Franziska streicht sich eine rotblonde Haarsträhne aus dem Gesicht und fährt fort, ihre Ernte auf dem Holztisch auszubreiten. Kamille, Schafgarbe, Löwenzahn und Birkenblätter. Konzentriert fächert sie die Blätter zum Trocknen auf. Sie hat alle Heilpflanzen gefunden und gesammelt, die Pater Anselm ihr aufgeschrieben hat. Er soll stolz auf sie sein! Anselm kennt die heimischen Kräuter wie kein anderer, seine Heilkünste sind weit über die Stadtgrenzen hinaus bekannt. Sie sieht ihn vor sich, wie er sie mit seinen strahlend blauen Augen anlächelt, wenn sie etwas gut gemacht hat. Vielleicht darf sie ihm sogar dabei helfen, die Heilkräutertinkturen anzusetzen. Träumerisch blickt sie hinaus in den einsetzenden Mairegen, der den betörenden Duft des Flieders vor dem Fenster zu ihr ins Zimmer trägt.

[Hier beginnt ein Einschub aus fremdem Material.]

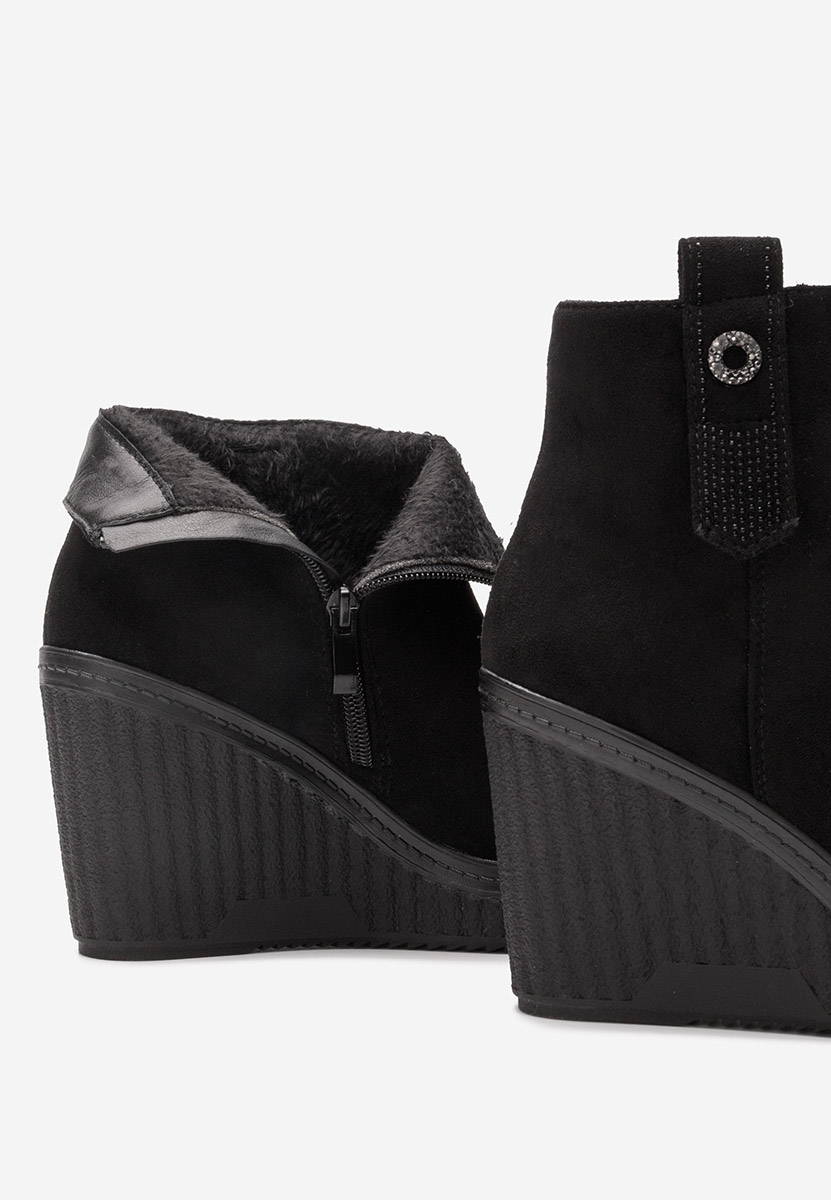 Čierne kotníkové čižmy na platforme Charlet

Aus dem Flur vor Anselms Laboratorium ertönen aufgeregte Stimmen.
„Brunhilde, hast du's schon vernommen? Pater Anselm ist verhaftet worden!“
„Wundert dich das etwa?! Hab ich's dir nicht schon vor Wochen gesagt? Der redet sich noch um Kopf und Kragen, ich wusste es!“
„Brunhilde, so langsam wirst du zu einer galligen, greisen Vettel! Sie haben ihn abgeführt und in den Kerker gebracht! Wer weiß, ob er dort lebend wieder rauskommt …“
„Magda, das hat er sich selbst eingebrockt. Er hat es förmlich herausgefordert, wenn du mich fragst. Seine flammenden Reden von Gottes Allmacht und Herrlichkeit auf Erden!“ Brunhilde schnaubt vernehmlich. „In diesen Zeiten sollte er wirklich vorsichtiger sein mit seinen provokanten Thesen.“
„Brunhilde, das ist nicht gerecht! Keiner der Äbte hat sich so für uns Schwestern eingesetzt wie er. Anselm ist ein Segen für unser Kloster, sein Wissen über Pflanzenheilkunde und Arzneien ist phänomenal ... ach, es ist ein Unglück.“ Magda schnäuzt sich geräuschvoll.
„Na, na, nun beruhige dich. Er wird schon wieder zu uns zurückkommen, wirst schon sehen.“
„Glaubst du das wirklich? Seit das Konkordat von Bismarck in Kraft ist, gibt es wenig Hoffnung. Erinnerst du dich an den Jesuitenmönch, den sie angeklagt haben, erst vor zwei Wochen? Die Schergen haben ihn halb tot geschlagen, munkelt man. Und seine Schriften haben gebrannt wie Zunder, Brunhilde! Mir ist bange!“

Erstarrt steht Franziska an der Tür und will nicht glauben, was sie gerade gehört hat. Pater Anselm im Kerker – das darf nicht sein! Sie kämpft gegen die Tränen an. Lässt alles stehen und liegen und flieht aus dem Kloster hinaus in den Regen. Die Röcke hoch gerafft, läuft sie blindlings hinunter bis zum Fluss, an dessen Mäander mehrere hohe Weidenbäume stehen. Nass bis auf die Haut findet sie Schutz unter einem dichten grünen Blätterdach.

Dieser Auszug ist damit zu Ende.